Nothing better articulates the poverty of the Victorian Liberal Party than the fact he leads it. He represents a kind of politics that leaves oil stains on seats, a venal, oleaginous, insincere approach to the demands of office, a politics of self-interest that knows the price of everything and the value of nothing and tries to bill the former through a private marketing business.

Payments allegedly sought by his chief of staff have now been referred to the state’s anti-corruption monitor, the ombudsman, the electoral commission and state and federal police. Guy argues that the deal didn’t succeed, so nothing is wrong. The shamelessness is staggering. “Nothing was signed, nothing was agreed, nothing proceeded and nothing followed through,” he claims. “That says everything.”

This is the same Matthew Guy who was embroiled in a donations scandal after meeting with an alleged crime boss at a suburban seafood restaurant, his “lobster with a mobster”. He campaigned the next year with a “tough on crime” platform. And then they made him leader again.

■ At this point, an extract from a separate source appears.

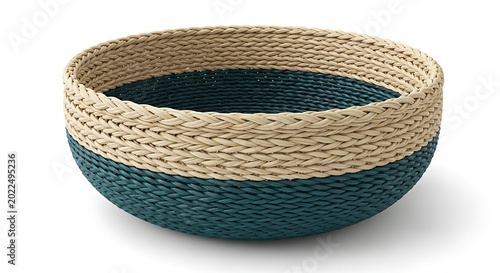 Handwoven seagrass basket with dark blue interior on white background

Guy is running against a Labor government that is ruled by factionalism, that has routinely misused public funds, that has been found responsible for a “catalogue of unethical and inappropriate behaviour” by the same bodies to which he has now been referred – and still he is worse.

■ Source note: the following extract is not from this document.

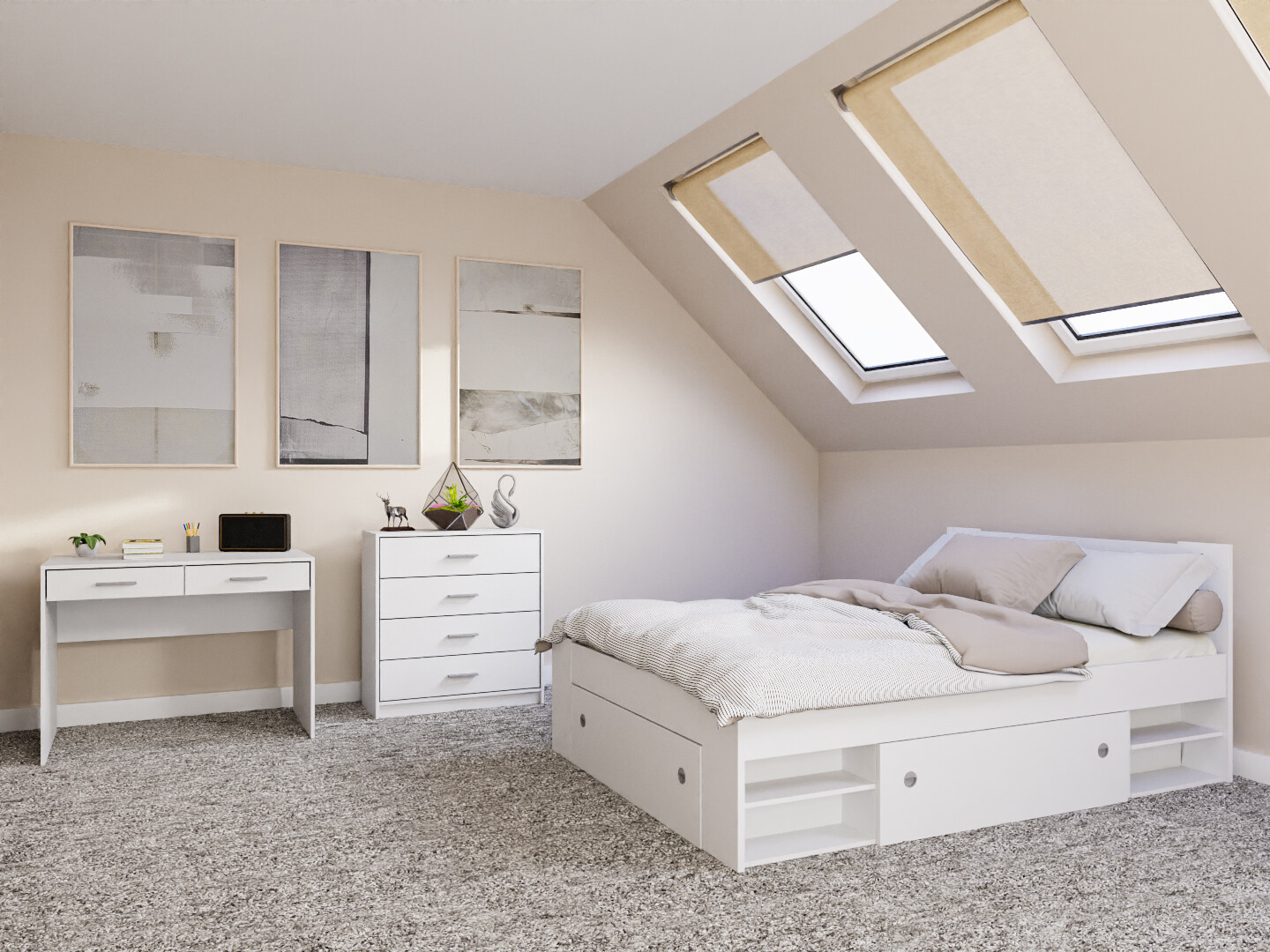 Set za spavaću sobu Novsore 155 (Bijela)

It’s grifters all the way down. It’s one slimy-backed opportunist stacked on top of another, over and over again, into infinity. This week, in New South Wales, the Trade minister was forced to resign for his part in securing John Barilaro a sinecure in New York. He stayed on long enough to make clear that he thought he could get away with it.

“Last night, I read a section of the independent review being conducted by Graeme Head. This section is relevant to my role as minister,” he said. “In my view, no such breach has occurred. However, I agree it is important that this matter is investigated appropriately and support the premier’s decision to do so.”

No wonder faith in politics is at historic lows. No wonder support for the major parties is failing. The parliaments of the country have become troughs of grunting opportunism. The ugliness and the pettiness are extraordinary.

The changes needed are obvious and beginning. The federal integrity commission will make an enormous difference. So will the growing vote for independent candidates.

But the parties themselves need to begin reform. It is not enough for Daniel Andrews to apologise or for Dominic Perrottet to say he is following process: there is an urgent need to rid politics of the creatures for whom they’re apologising, the people there in pursuit of nothing but power and gratuity. For too long these creatures have been allowed to dominate the system and, in that time, they have done untold damage to it, damage that must now be earnestly and sincerely repaired.